**Activity**
Return every line of the data below exactly, but do not include the images.

**Data shown**

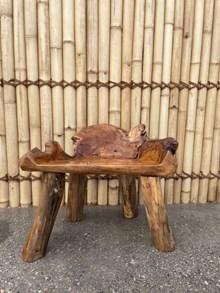 ספסל שורש טיק דגם E - Treemium - חלומות בעץ מלא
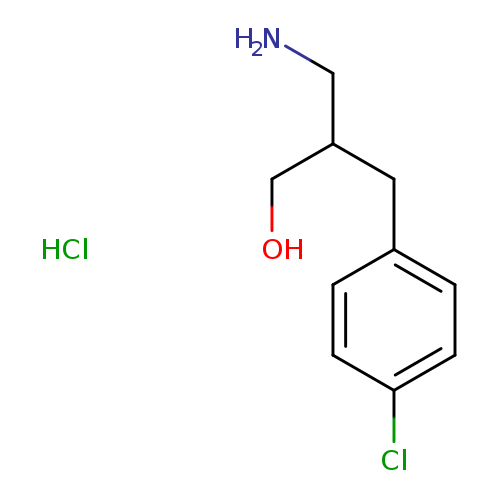 3-Amino-2-[(4-chlorophenyl)methyl]propan-1-ol hydrochloride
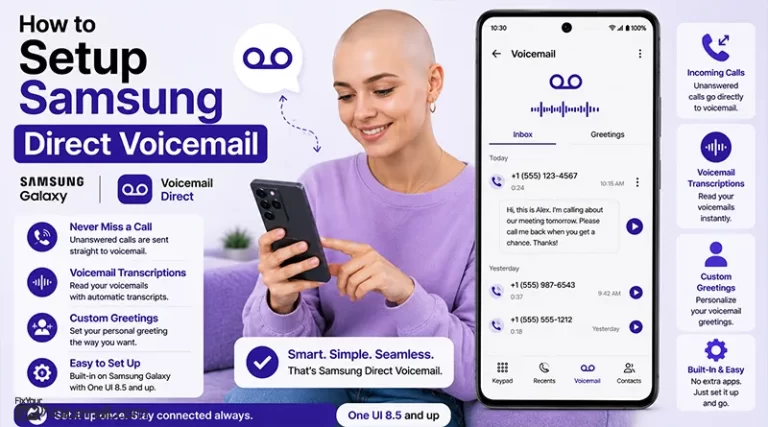 How To Setup Samsung Direct Voicemail.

**Solved exercise**
 ספסל שורש טיק דגם E - Treemium - חלומות בעץ מלא
 3-Amino-2-[(4-chlorophenyl)methyl]propan-1-ol hydrochloride
 How To Setup Samsung Direct Voicemail.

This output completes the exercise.